[Civ. No. 4571.
First Appellate District, Division Two.
May 28, 1923.]
R. ALBERTSON, Appellant, v. W. J. WESTLAKE et al., Defendants; BANK OF ITALY et al., Respondents.
[l] Mortgages—Prior Deed of Trust—Evidence—Findings.—In this action to foreclose a mortgage on real property, the evidence was sufficient to support the findings of the trial court that at the time of the making and delivery of the deed of trust in favor of 'the predecessor of the defendant bank, plaintiff, for a valuable consideration, entered into an agreement with said predecessor that he would waive and relinquish the priority of his mortgage over said deed of trust, that said deed of trust should be a prior and superior lien upon the real property in question, and that the lien of plaintiff’s ¡mortgage should be second or inferior to said deed of trust.
APPEAL from a judgment of the Superior Court of Alameda County. J. J. Trabuceo, Judge.
Affirmed.
The facts are stated in the opinion of the court.
Sawyer & Sawyer and F. W. Sawyer for Appellant.

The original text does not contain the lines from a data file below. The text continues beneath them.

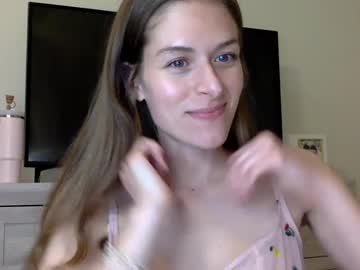 girl
        susannahxx cam image #6894490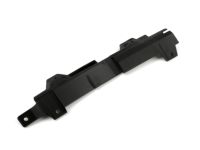 Ford 1L2Z-17D942-AA Bracket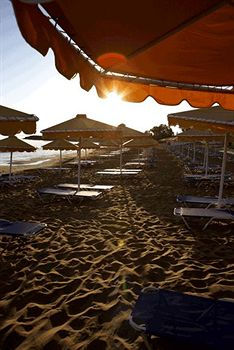 Летим вместе!!!)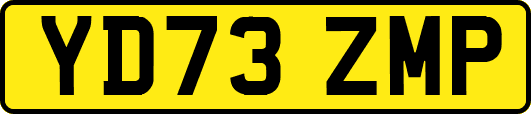 YD73ZMP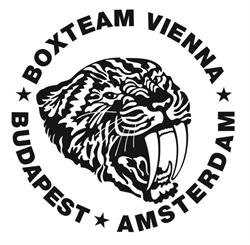 Boxteam Vienna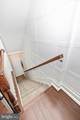 6200 Murray Terrace - Photo 37
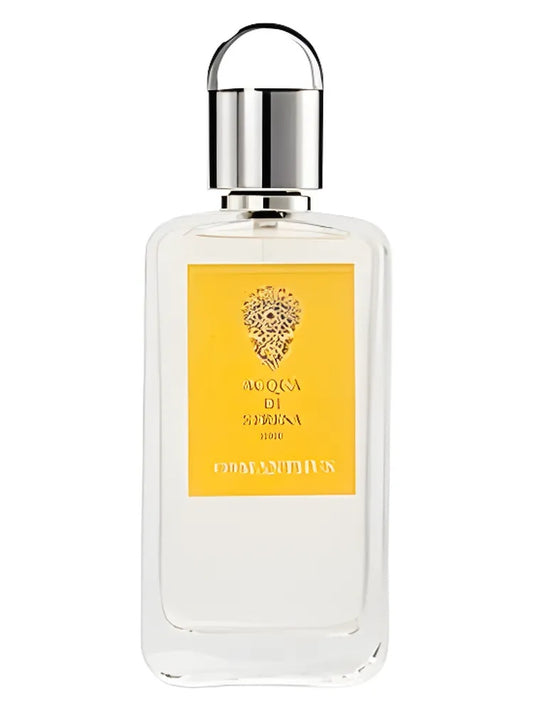 Acqua di Stresa Osmanthus fragrance bottle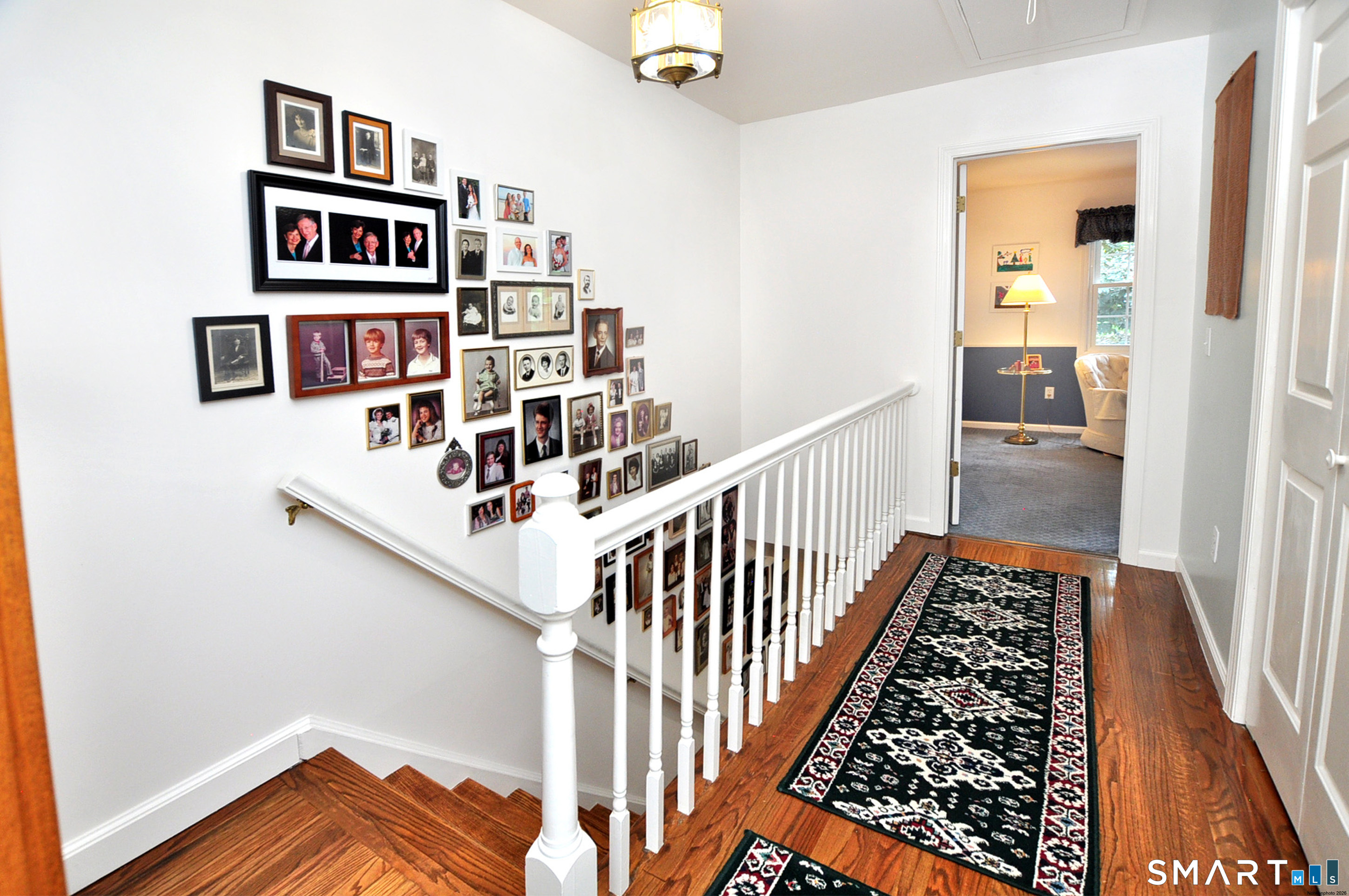 15 Bridgewater Common Bridgewater CT 06752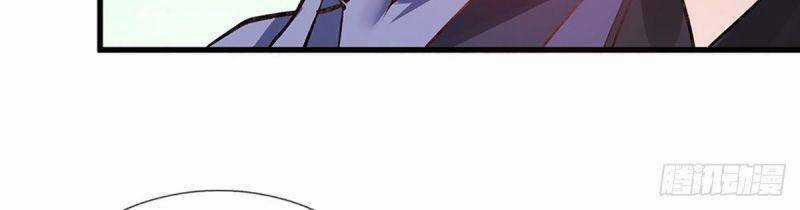 Ta Trở Về Từ Thế Giới Tu Tiên Chapter 2 trang 5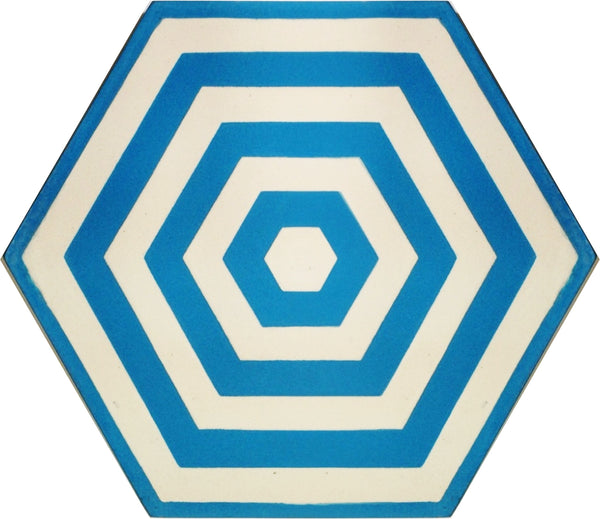 Hexagon NH23-11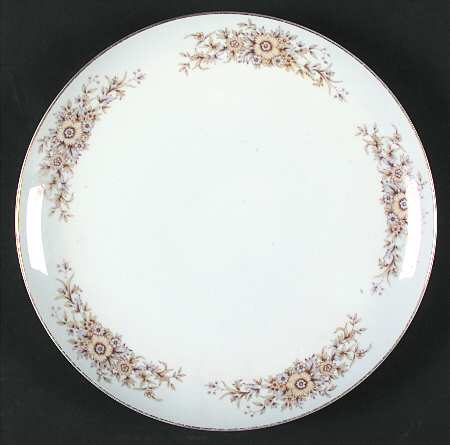 Belmont by Fine China of Japan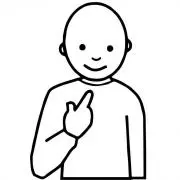 marumaru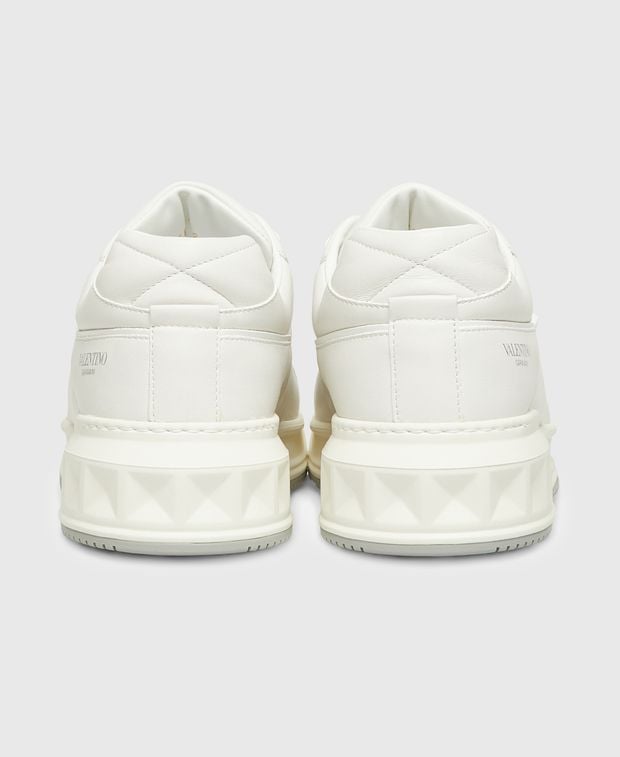 Valentino Garavani Sneakers One Stud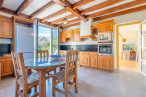 à vendre Villa Doussard
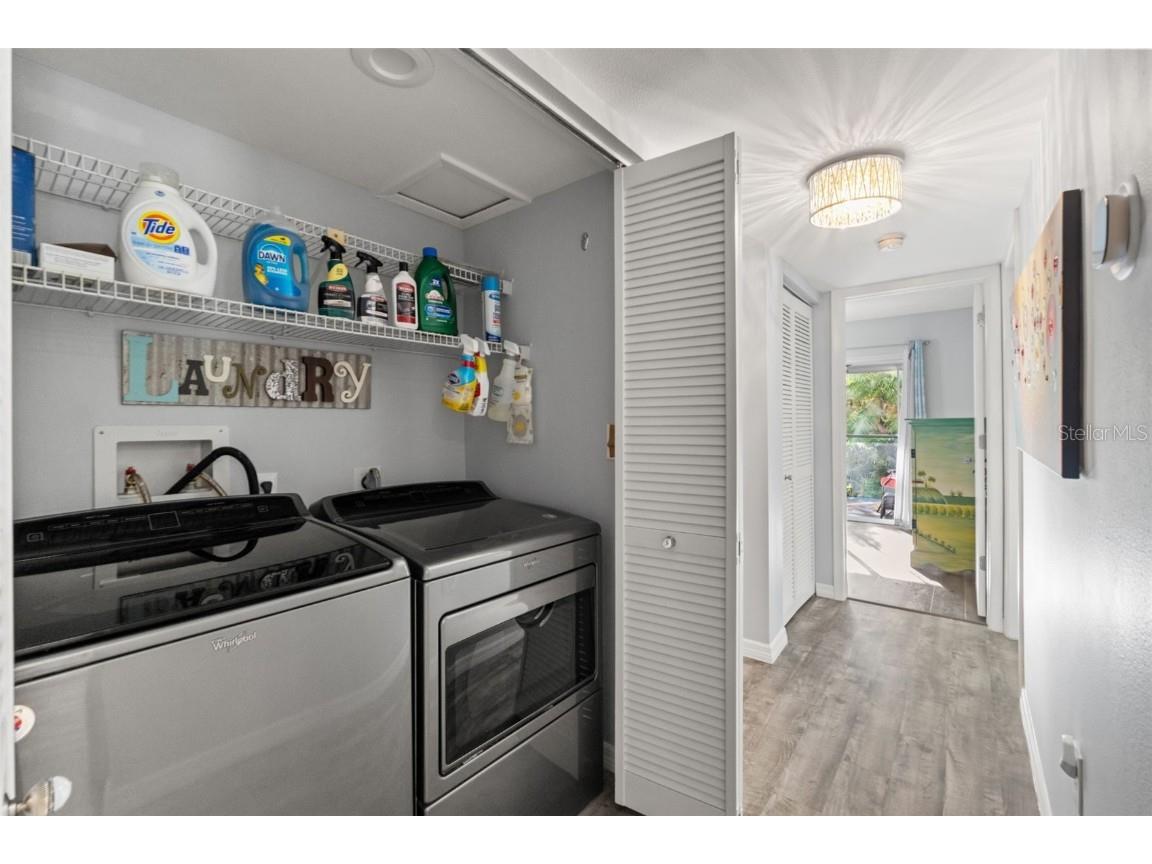 300 S Florida Avenue #600F Tarpon Springs FL 34689 W7880104 image31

Donahue, Hynes & Hamlin for Respondents.
[MAJORITY — NOURSE, J.]
NOURSE, J.
This is an appeal from a judgment in favor of defendants in an action to foreclose a mortgage on real property. The mortgage was executed by one West-lake to the plaintiff. Thereafter Westlake executed his deed of trust to the Citizens Bank of Pruitvale, predecessor of defendant Bank of Italy, covering the same property. This deed of trust was recorded prior to the recordation of the mortgage. The trial court found that, at the time of the making and delivery of the deed of trust, the plaintiff, for a valuable consideration, entered into an agreement with the Citizens Bank that he would waive and relinquish the priority of his said mortgage over said deed of trust; that said deed of trust should be .a prior and superior lien upon said real property, and that the lien of plaintiff’s mortgage should be second or inferior to said deed of trust.
The only attack upon the judgment is based upon the ground that the evidence does not support these findings. We have examined the record and find that there is sufficient evidence to support each finding under attack.
Judgment affirmed.
Sturtevant, J., and Langdon, P. J., concurred.
A petition to have the cause heard in the supreme court, after judgment in the district court of appeal, was denied by the supreme court on July 26, 1923.